━━ Data block ━━
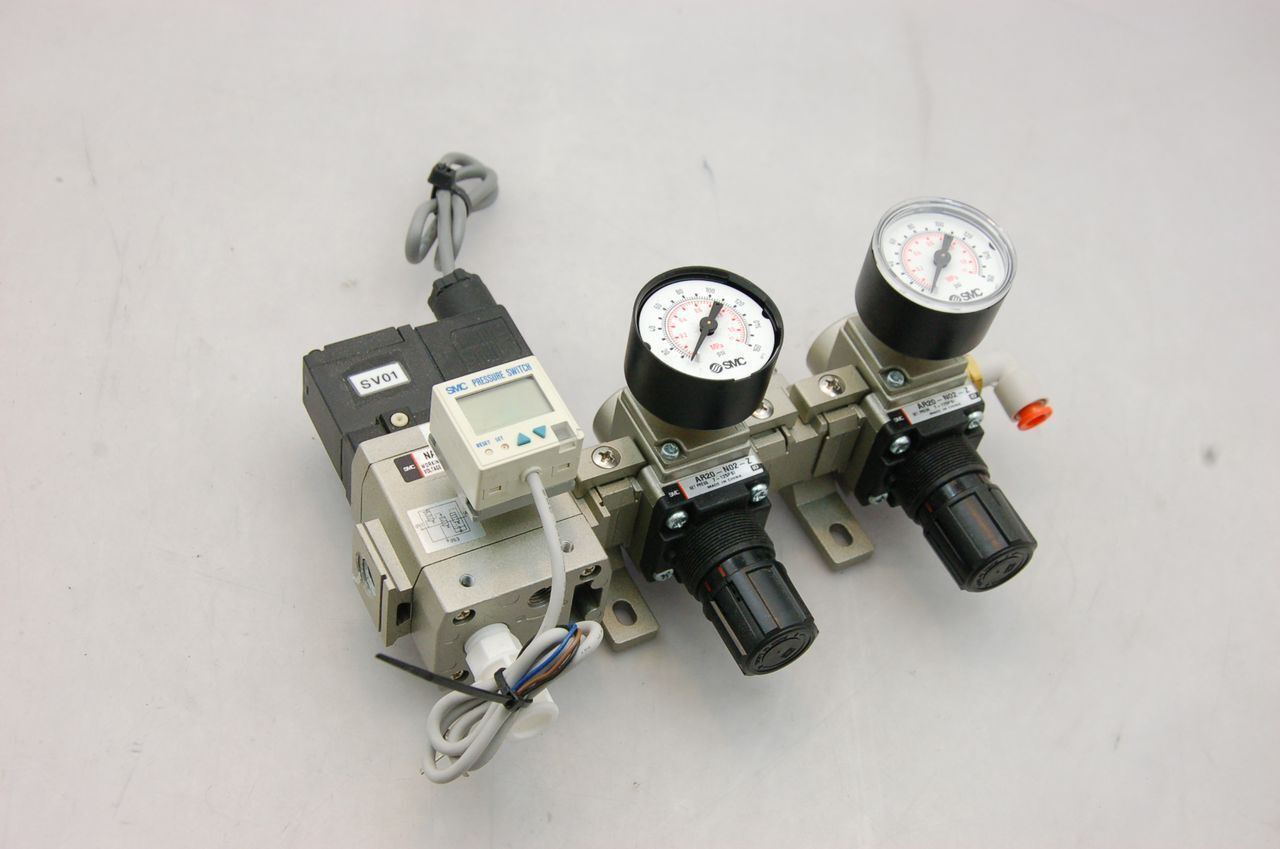 SMC Nav2000-N02-5D Soft Start-UP w/ 2 x Ar20-N02-Z Pneumatic Regulators 24VDC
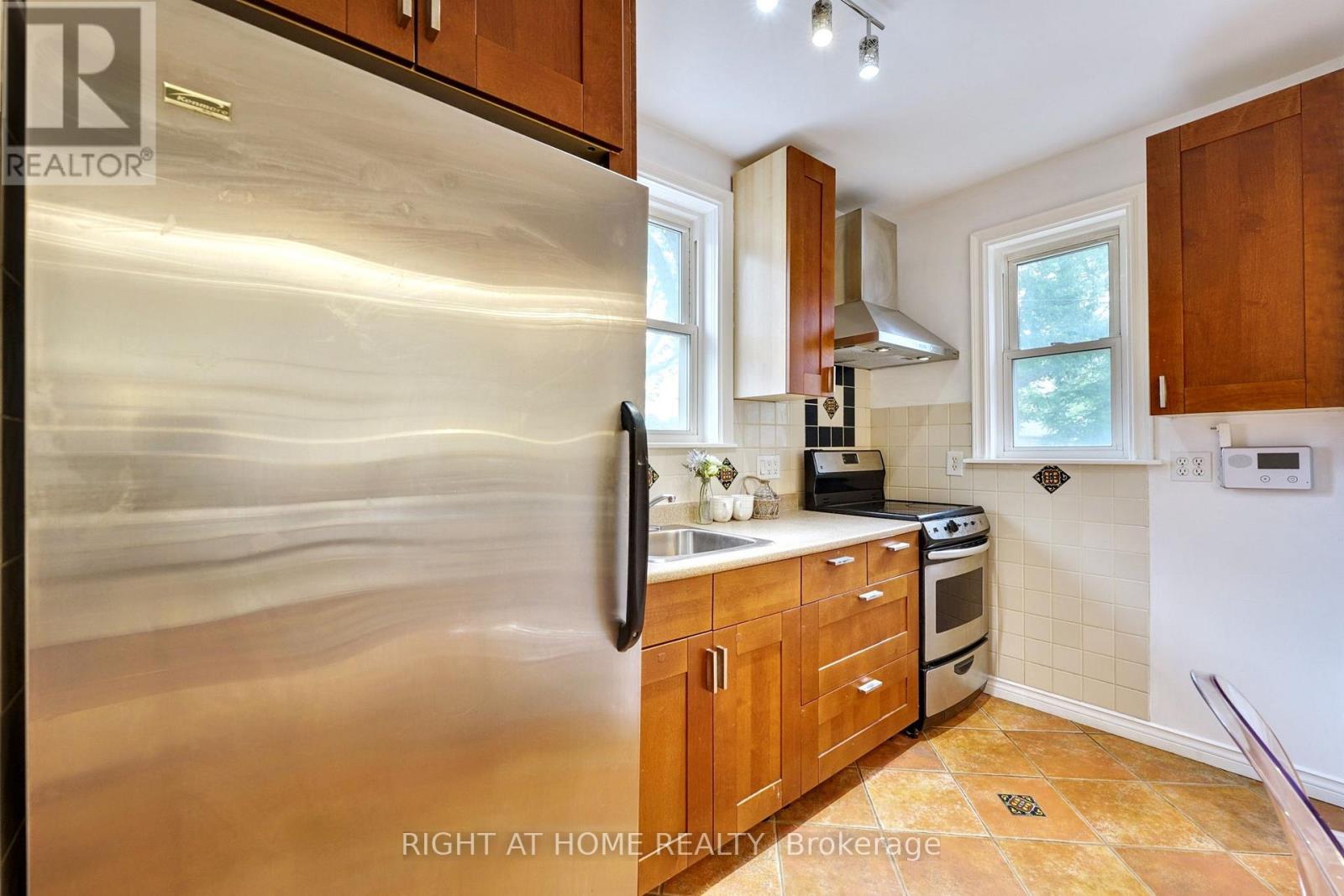 Property at 164 WILLIAM STREET image 4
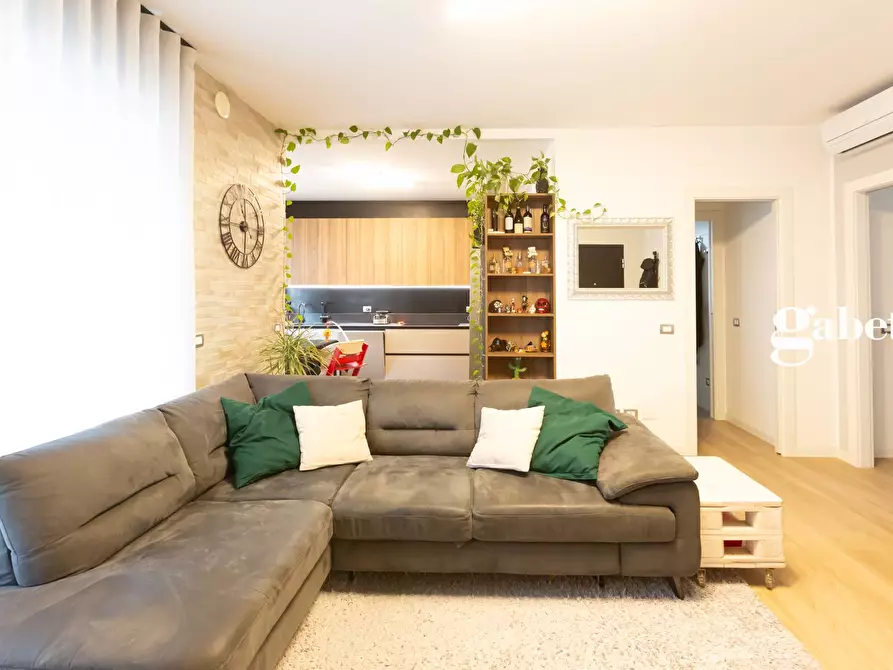 Immagine 6 di Attico in vendita  in VIA ISONZO a Lomagna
━━━
Set the listing down exactly, without its pictures.

▶ Solution to this exercise:
 SMC Nav2000-N02-5D Soft Start-UP w/ 2 x Ar20-N02-Z Pneumatic Regulators 24VDC
 Property at 164 WILLIAM STREET image 4
 Immagine 6 di Attico in vendita  in VIA ISONZO a Lomagna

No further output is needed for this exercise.